Following days of internationally reported killings, rapes and gang violence inside the Dome, the doctor from FEMA - Beron doesn't remember his name - came prepared for a grisly scene: He brought a refrigerated 18-wheeler and three doctors to process bodies.

"I've got a report of 200 bodies in the Dome," Beron recalls the doctor saying.

The real total was six, Beron said.

Of those, four died of natural causes, one overdosed and another jumped to his death in an apparent suicide, said Beron, who personally oversaw the turning over of bodies from a Dome freezer, where they lay atop melting bags of ice. State health department officials in charge of body recovery put the official death count at the Dome at 10, but Beron said the other four bodies were found in the street near the Dome, not inside it. Both sources said no one had been killed inside.

...

Orleans Parish District Attorney Eddie Jordan said authorities had confirmed only four murders in New Orleans in the aftermath of Katrina - making it a typical week in a city that anticipated more than 200 homicides this year. Jordan expressed outrage at reports from many national media outlets that suffering flood victims had turned into mobs of unchecked savages.

...

"I had the impression that at least 40 or 50 murders had occurred at the two sites," he said. "It's unfortunate we saw these kinds of stories saying crime had taken place on a massive scale when that wasn't the case. And they (national media outlets) have done nothing to follow up on any of these cases, they just accepted what people (on the street) told them. ... It's not consistent with the highest standards of journalism."

...

Four weeks after the storm, few of the widely reported atrocities have been backed with evidence.
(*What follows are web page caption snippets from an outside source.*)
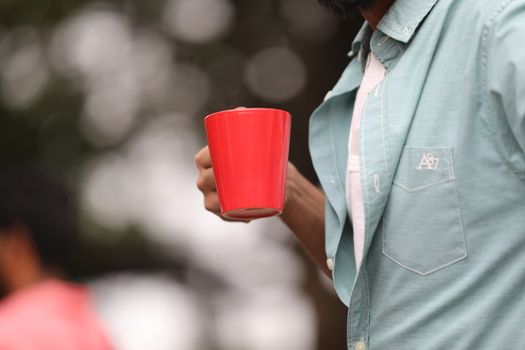 Male hand with cup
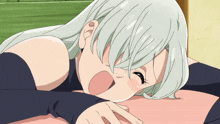 a girl with white hair is laying on a pink surface
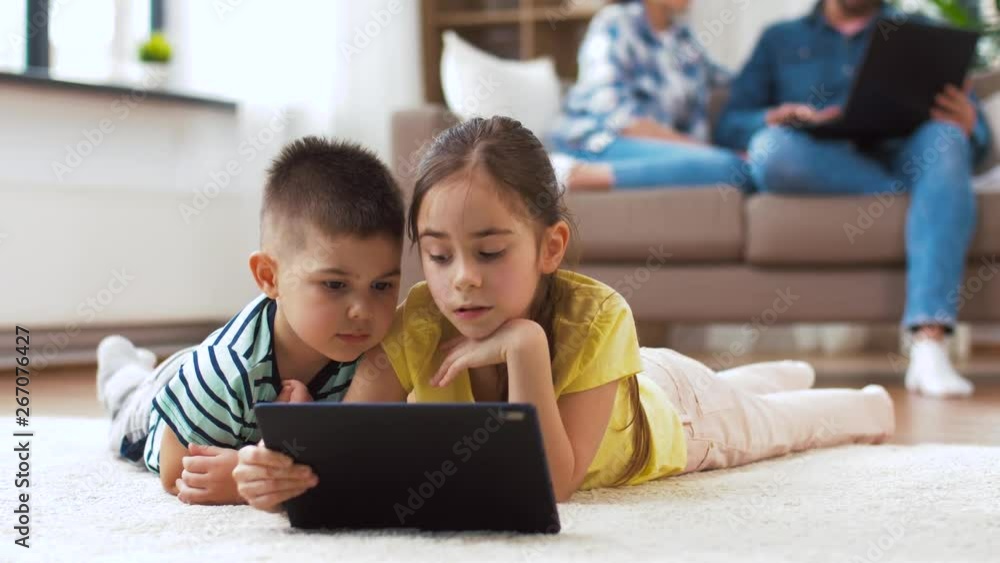 childhood, technology and family concept - little brother and sister with tablet pc computer lying on floor at home childhood, technology and family concept - little brother and sister with tablet pc computer lying on floor at home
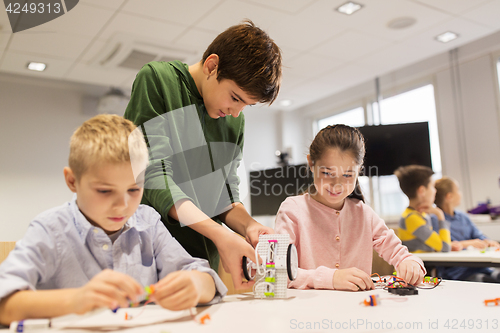 Image of happy children building robots at robotics school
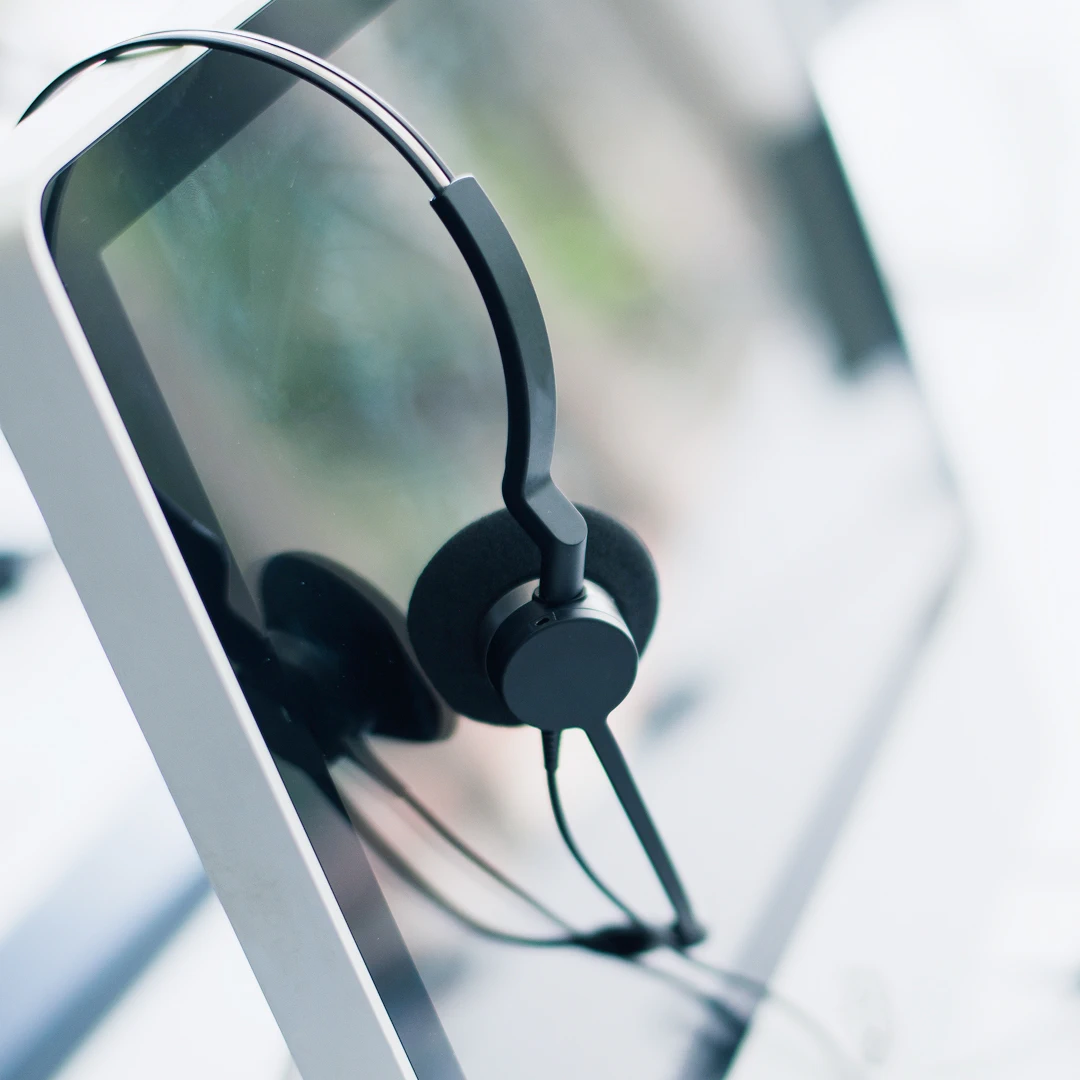 Headphones with a microphone hanging on a computer monitor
The piles of bodies never materialized, and soldiers, police officers and rescue personnel on the front lines say that although anarchy reigned at times and people suffered unimaginable indignities, most of the worst crimes reported at the time never happened.

Most disturbing is that this news will probably not reach the ears of most people who heard the original, false reports. The "facts" about the anarchy, child and infant rape, 200 dead bodies, and rampant gunfights are embedded in people's memories, and will no doubt be used as "evidence" many times over.

[From the Times-Picayune weblog at nola.com, via DrudgeReport]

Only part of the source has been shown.